Wow….that’s impressive…..you know a lot about the Xmaxx…..especially for never owning one lol 😂……you’ve definitely done your research….it’s a BEAST of a MACHINE…tons of Fun 😎
@@RCKnockout I will get one soon lol, I was going to get something smaller until I saw how tough this thing is.
@@davidbrennan5 it is very tough! You’ve probably been thinking about getting one for quite awhile lol 😂
what stand is that im in a wheelchair and this would help so much
I honestly have no clue. I bought it at least 5 years ago I believe it was from Amazon. I think it cost me about $80
@@RCKnockout any idea on what to lookup I cannot find anything even close
@@Popp-A-Smurf You could try Hpi Baja stand or Losi 5ive t stand or 1/5 scale stand. That’s what this one technically is for
Sir, what is the exact name of this shocks. Integy and what serial!? Thanks
Sorry not sure
@@RCKnockout thanks anyway. Found it!
Just a quick question, in the beginning of the video you said you were putting the max 6 esc, but later said you were running the max5. Which one do you actually run? Tyia. Just making sure I get the right one.
You don't have an aluminum front upper bulkhead???
RC Knockout do you think the Leopard hobby 5882 1360 KV motor would do just as good as the 5892? Bashing/ speed runs thanks for the input!
Your honesty is so appreciated sir. -subscribed✔️
Thank you 😊
I’m just wondering how durable a bone stock 6s x maxx . I don’t really do hard bashing and I would run 6s.
Yeah it should be able to hold up on 6s…..as long as you’re not bashing it too hard
@@RCKnockout found one in my state.bone stock for 550.00 is that a good price for a decent used x maxx 6s?
@@keithhernandez4319 I honestly don’t know what the trending prices are right now
@@RCKnockout so I found a x maxx but needs diffs fixed. Normally is it just a ring gear that needs replaced? Or is it the internal gears? It’s not very old but both diffs are trashed.
@@keithhernandez4319 usually it’s gonna be the ring and pinion that’ll need replacement
Plz answer what stand did you use for your xmaxx in this video
I can’t remember. I bought it on Amazon a few years ago
@@RCKnockout ok thanks
@@Seanboatfishing no problem 😉
What shocks are those
Integy….not sure if they make them anymore
EXCELLENT VIDEO !
Subscribed just for the straight up honesty.
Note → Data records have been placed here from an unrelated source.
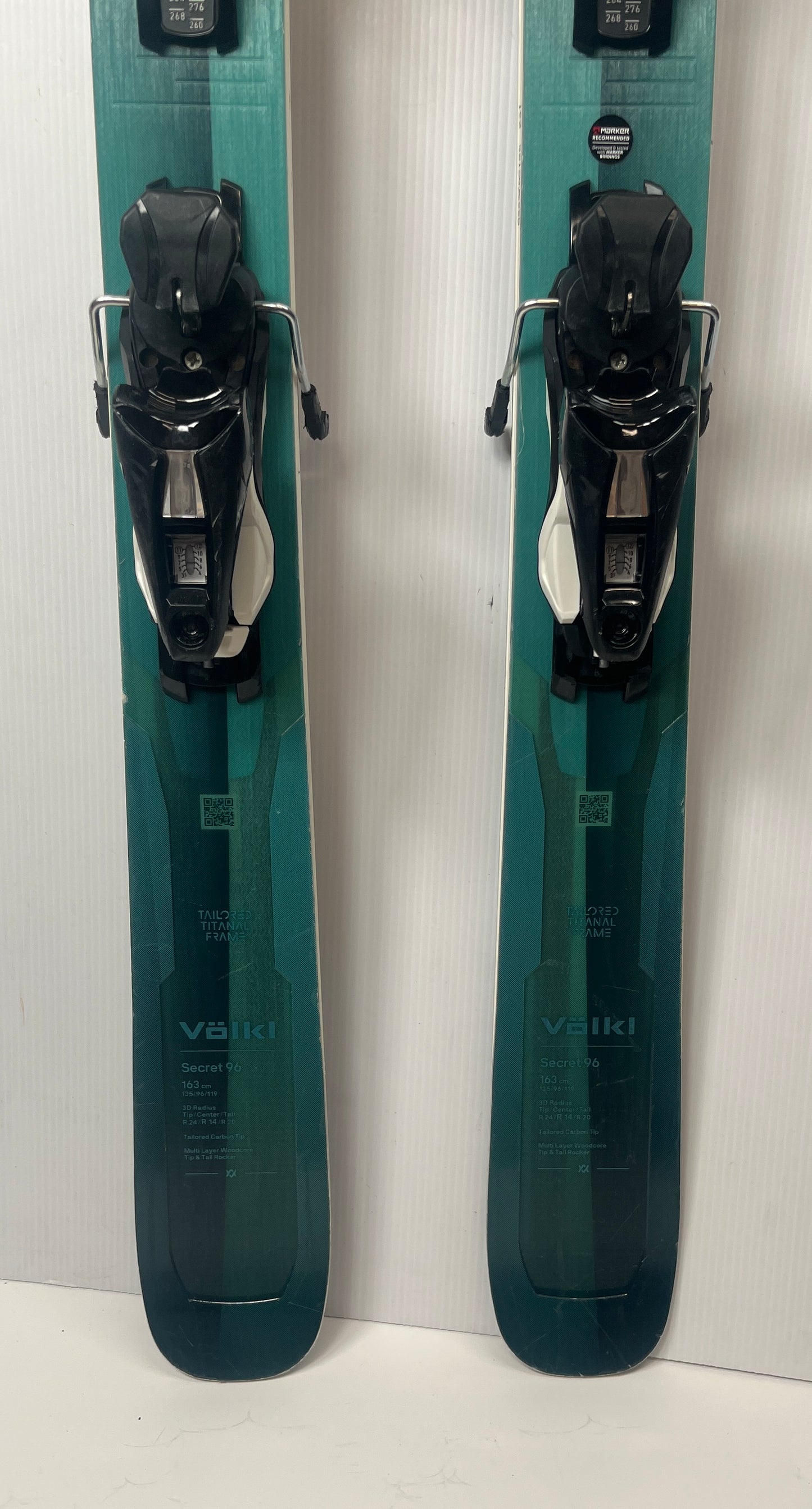 Völkl Secret 96 w/ NX12 bindings, 163cm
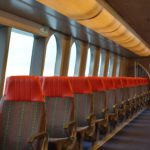 Expansive windows are next to Clipper V's economy seat.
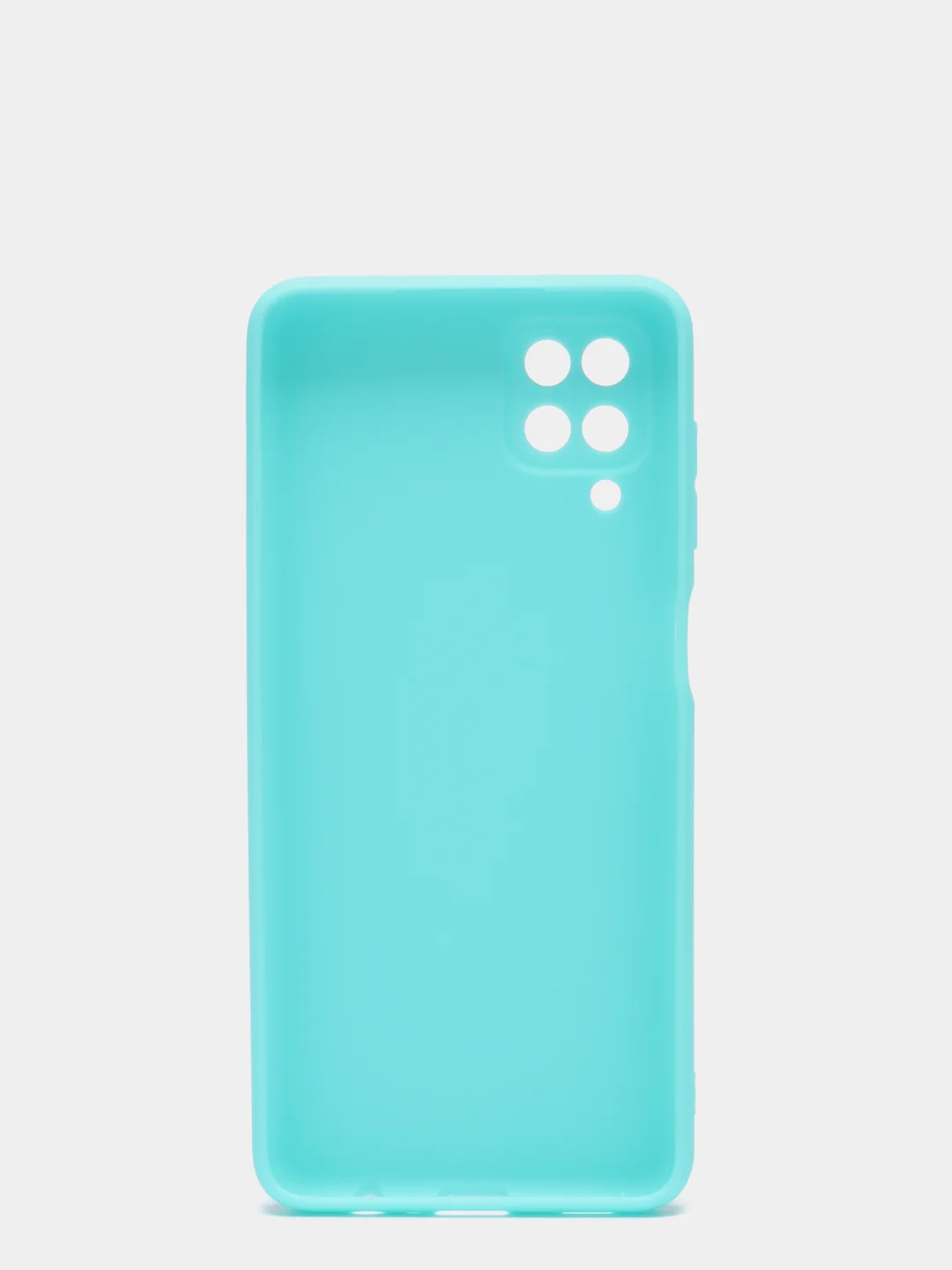 Бирюзовый чехол цветной матовый на Samsung Galaxy A12 / Samsung Galaxy M12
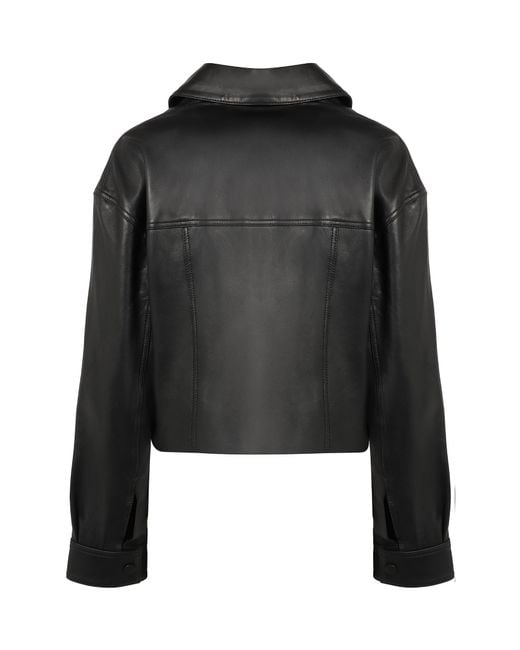 Yves Salomon Black Buttoned Jacket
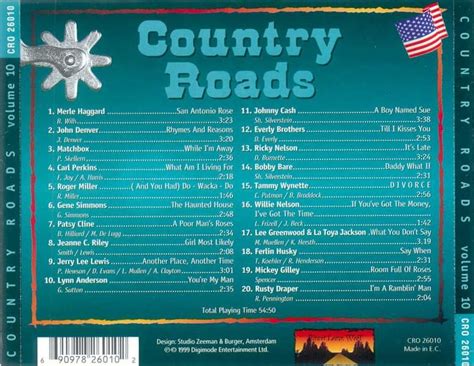 Release “Country Roads, Volume 10” by Various Artists - Cover Art - MusicBrainz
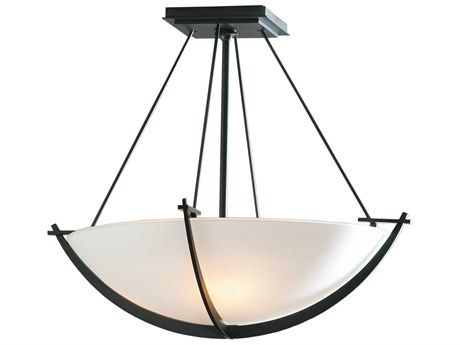 Hubbardton Forge Compass 3-Light Glass Bowl Semi Flush Mount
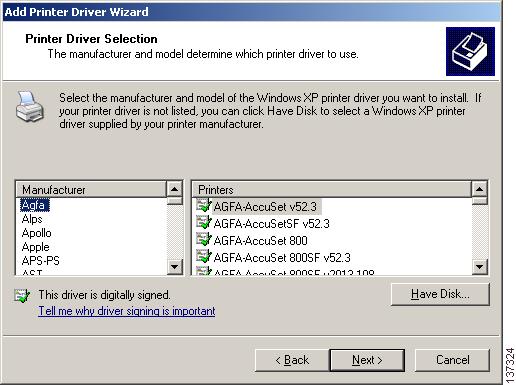 Click the New Driver button to start the Add Driver wizard. Click Next. The Printer Driver Selection window appears. (See Figure 13-8.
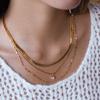Light Luxury High-end Three-layer Zircon Necklace Jewelry Stacked Collarbone Chain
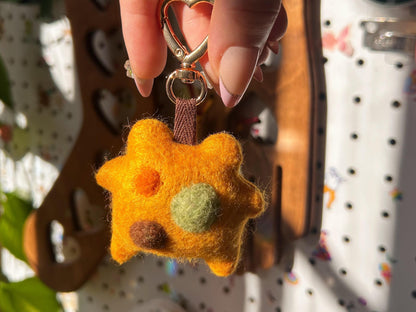 Dandelion the Pocket Frog Keychain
Worked in a hobby shop and did countless hours of service on Traxxas vehicles. The ones that had tons of Aluminum parts (all bling, not an upgrade at all) came in with more damage compared to the ones with original plastic parts. More damage means a bigger repair bill. Arrma vehicles, even with some factory Aluminum always..ALWAYS cost more to repair for the same damage as an X-Maxx. $125.00 and up for a Kraton chassis, $25.00 for X-Maxx as an example.
KEEP YOUR X-MAXX stock as far as factory plastics. If you break a rear hub carrier, at that point Toss on a pair of RPM’s.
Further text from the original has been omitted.